Viento le dio un último empujón y sintió como se posaba sobre el libro de cuentos del abuelo. Este interrumpió la lectura y cogió la hoja con delicadeza por el extremo. Klara no tardó en alargar el brazo. Ella también quería verla.
–Anda abuelo, ¡mira qué bonita! ¡Tiene tres colores!
–Sí, es muy bonita. Parece que acaba de caer – dijo mientras ambos elevaban la vista al cielo mirando las ramas que había sobre su cabeza.
–Tiene algo escrito…. O64°30’0 S3°45’0″ ¿Qué quieren decir esos números abuelo? ¿Es un teléfono? ¡Porque menudo teléfono más raro!
El abuelo rio y le pellizco la mejilla a su nieta.
–Podría ser, pero no en este caso. Son coordenadas.
–¿Y qué es eso? – preguntó Klara. No había oído esa palabra antes.
–Las coordenadas son unos números que te muestran cómo llegar a un lugar concreto.

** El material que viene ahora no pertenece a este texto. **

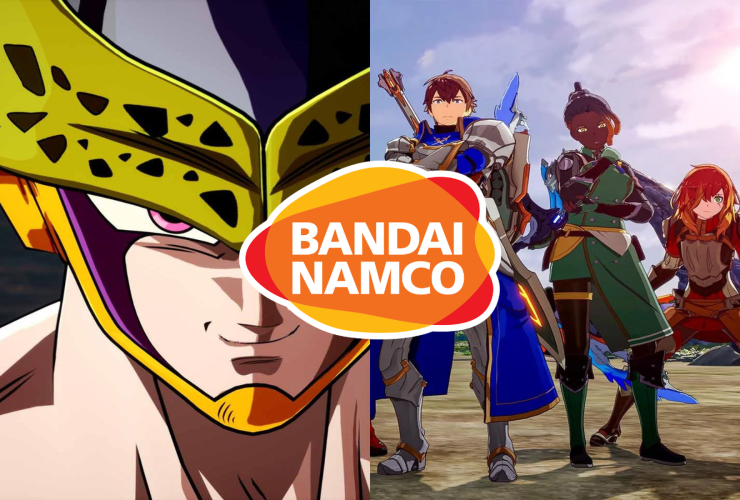 Bandai Namco's 2025 Merger Explained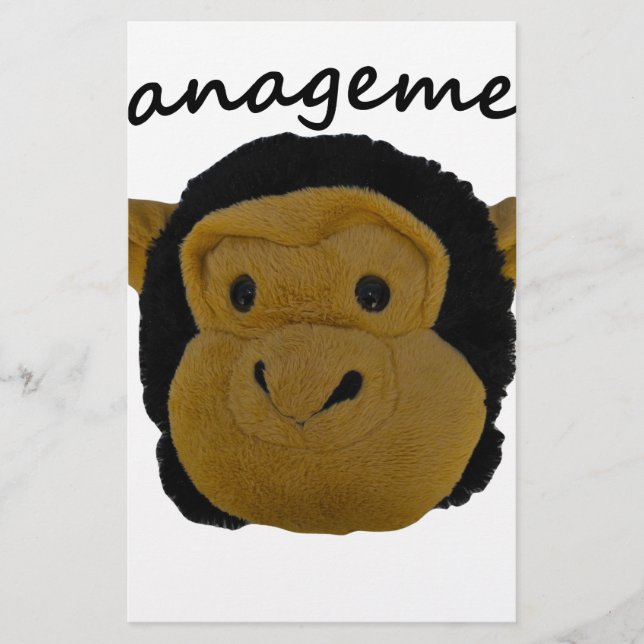 Management Stationery (Front)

Klara se quedó callada unos segundos. Luego le empezaron a brillar los ojos.
–Entonces… entonces… ¿es el mapa de un tesoro? ¡Tiene que haber algo muy importante allí!
–Podría serlo, quien sabe.
–¿Vendrás conmigo a descubrirlo?
–Algún día– respondió el abuelo mientras le removía el pelo. –Ya es hora de ir para casa Klara, empieza a hacer frío.

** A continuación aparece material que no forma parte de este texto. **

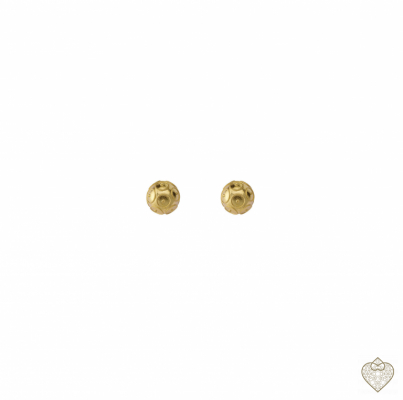 Filigree Earrings Saudade - Viana´s Bead 1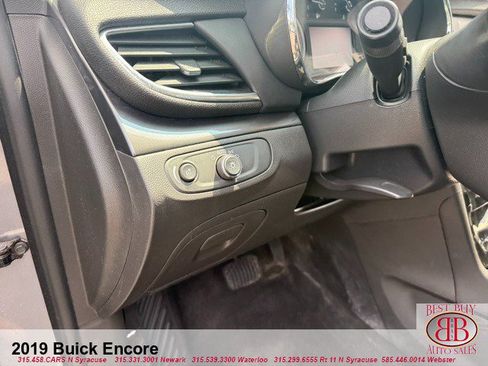 Used 2019 Buick Encore Preferred FWD image 17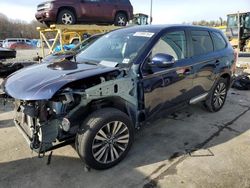 Salvage cars for sale at Windsor, NJ auction: 2020 Mitsubishi Outlander SE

–Jooo…a mí me gusta estar aquí.
–Y a mí…pero mejor ir a casa… sino nos pondremos malitos y no podremos ir a buscar el tesoro– dijo el abuelo guiñándole el ojo.
–Tienes razón abuelo, es verdad. Vamos a casa y así miramos en mi bola del mundo dónde está el tesoro….
Klara se levantó de un salto. Llevaba una enorme bufanda que le cubría el cuello. Era tan larga que uno de los lados se arrastraba por el suelo.
–¿Qué quieres hacer con la hoja, Klara?
Klara no lo dudó un instante. Le encantaba aquella hoja multicolor. Pensó en qué sitio podía guardarla para que estuviera a salvo. No tardó en dar con la respuesta. Abrió el libro de cuentos del abuelo por la página 19. “Maya, la delfina rosa”. Era su cuento favorito. El abuelo decía que, en los cuentos, siempre se estaba a salvo.
¿Qué mejor sitio para guardar el mapa del tesoro?